City Settles False Arrest Case of Married Grandmother

New York has settled a case were a Brooklyn grandmother who was walking to a hospital after an asthma attack was arrested for prostitution. Monica Gonzalez, 41, will receive $35,000.

What is most striking about this story is that the arresting officer, Sean Spencer, has been accused of abuses in at least four lawsuits and the city has already paid $80,000 to victims in those cases.

There is also a question of false statements filed by Spencer. He reportedly reported that Gonzalez beckoned to three men in the park and that he was aware that she was a known prostitute who had been previously arrested for solicitation. She had never been arrested on prostitution charges.

I view $35,000 as a tad low for such an abusive arrest, but I am unfamiliar with the range of prior such awards for Brooklyn.

For the full story, click here.

64 thoughts on “City Settles False Arrest Case of Married Grandmother”

  1. Commenters: What does the grandmother’s age have to do with anything? For the sake of argument, say she got married at 19 or 20 and had a little girl who grew up, got married at 19 or 20 and had a little girl. A young grandma. There was a time not too long ago when women did marry before they were 25 and have children before they were 40.

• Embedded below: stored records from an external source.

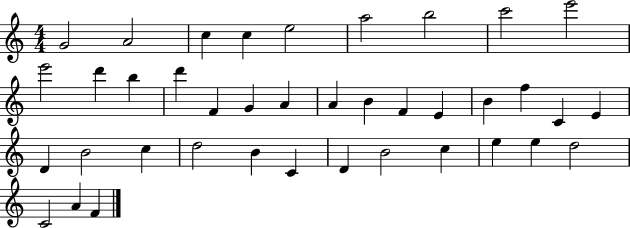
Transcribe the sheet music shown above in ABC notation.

X:1
T:Untitled
M:4/4
L:1/4
K:C
G2 A2 c c e2 a2 b2 c'2 e'2 e'2 d' b d' F G A A B F E B f C E D B2 c d2 B C D B2 c e e d2 C2 A F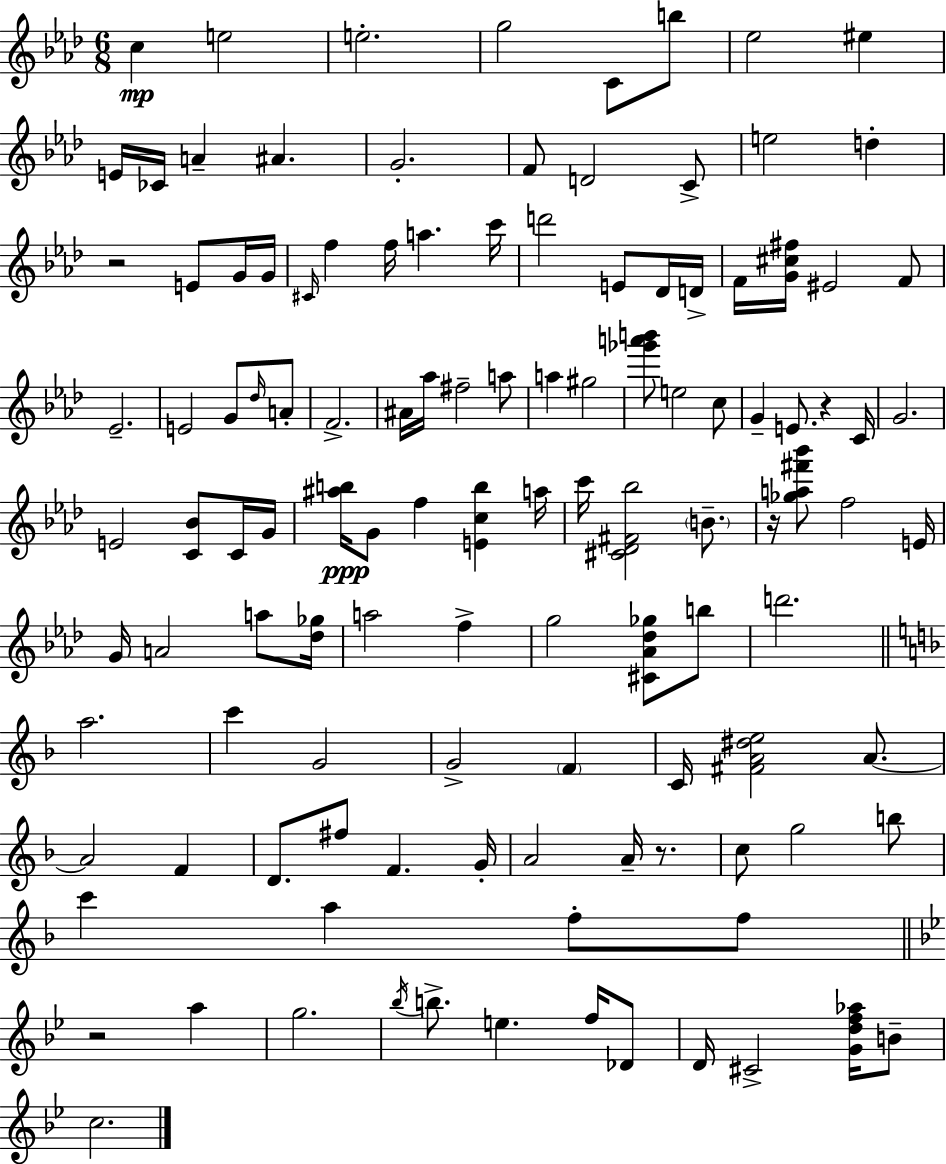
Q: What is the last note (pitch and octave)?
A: C5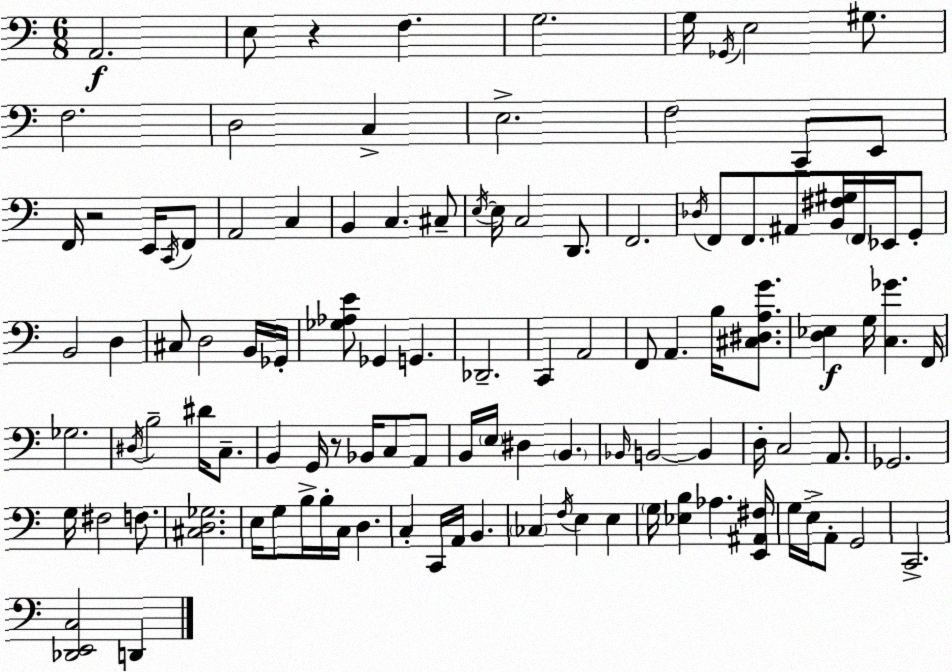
X:1
T:Untitled
M:6/8
L:1/4
K:C
A,,2 E,/2 z F, G,2 G,/4 _G,,/4 E,2 ^G,/2 F,2 D,2 C, E,2 F,2 C,,/2 E,,/2 F,,/4 z2 E,,/4 C,,/4 F,,/2 A,,2 C, B,, C, ^C,/2 E,/4 E,/4 C,2 D,,/2 F,,2 _D,/4 F,,/2 F,,/2 ^A,,/2 [B,,^F,^G,]/4 F,,/4 _E,,/4 G,,/2 B,,2 D, ^C,/2 D,2 B,,/4 _G,,/4 [_G,_A,E]/2 _G,, G,, _D,,2 C,, A,,2 F,,/2 A,, B,/4 [^C,^D,A,G]/2 [D,_E,] G,/4 [C,_G] F,,/4 _G,2 ^D,/4 B,2 ^D/4 C,/2 B,, G,,/4 z/2 _B,,/4 C,/2 A,,/2 B,,/4 E,/4 ^D, B,, _B,,/4 B,,2 B,, D,/4 C,2 A,,/2 _G,,2 G,/4 ^F,2 F,/2 [^C,D,_G,]2 E,/4 G,/2 B,/4 B,/4 C,/4 D, C, C,,/4 A,,/4 B,, _C, F,/4 E, E, G,/4 [_E,B,] _A, [E,,^A,,^F,]/4 G,/4 E,/4 A,,/2 G,,2 C,,2 [_D,,E,,C,]2 D,,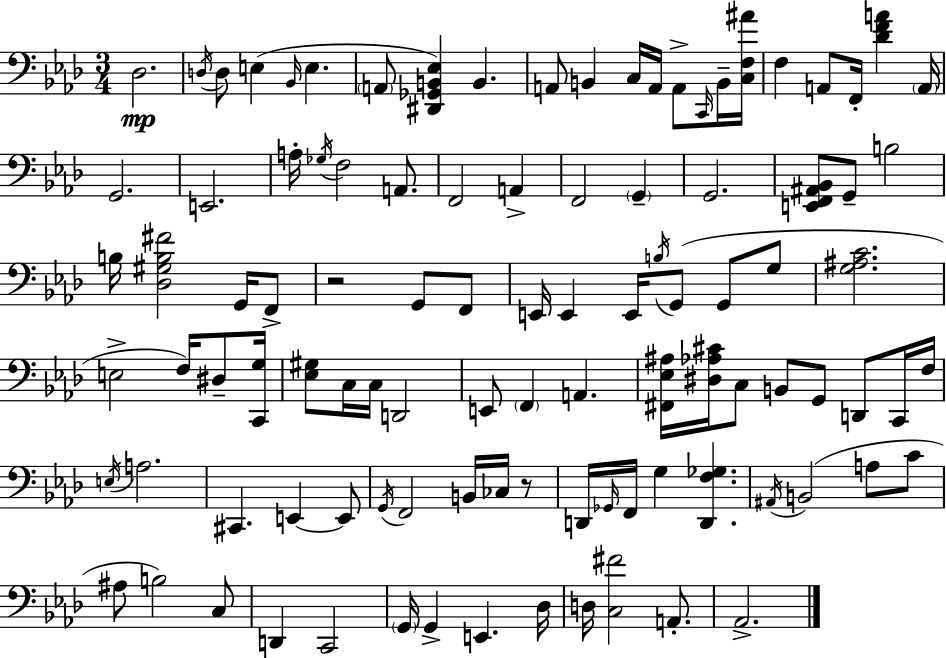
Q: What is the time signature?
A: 3/4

  2. What if your father married your sister, then divorced her, came out of the closet and married your cousin Billybob. Could they all still go cross border shopping?

  3. Speaking of evolution,

    “With respect to evolution and culture, here’s a case in point: Harmful mutations are often recessive, and so both parents must pass on the gene in order for the disease to show up in offspring. And while natural selection has supported outbreeding (breeding with people other than close relatives), culture hasn’t always followed suit. Across the globe, about 10 percent of spouses are second cousins or closer, the researchers say, with the prevalence ranging from 1 percent to 50 percent in different cultures.
    The inbreeding can cause recessive genes that should only have a small effect on mortality to have a much larger impact.” [emphasis added]

    That sure explains the Bush family.

    From: Ongoing Evolution May Explain Mysterious Rise in Diseases

    http://news.yahoo.com/s/livescience/20100111/sc_livescience/ongoingevolutionmayexplainmysteriousriseindiseases

  4. “Because the way its worded it is ambiguous therefore leaves room to wiggle.”

    No, there’s no ambiguity in the answer and there are not multiple answers.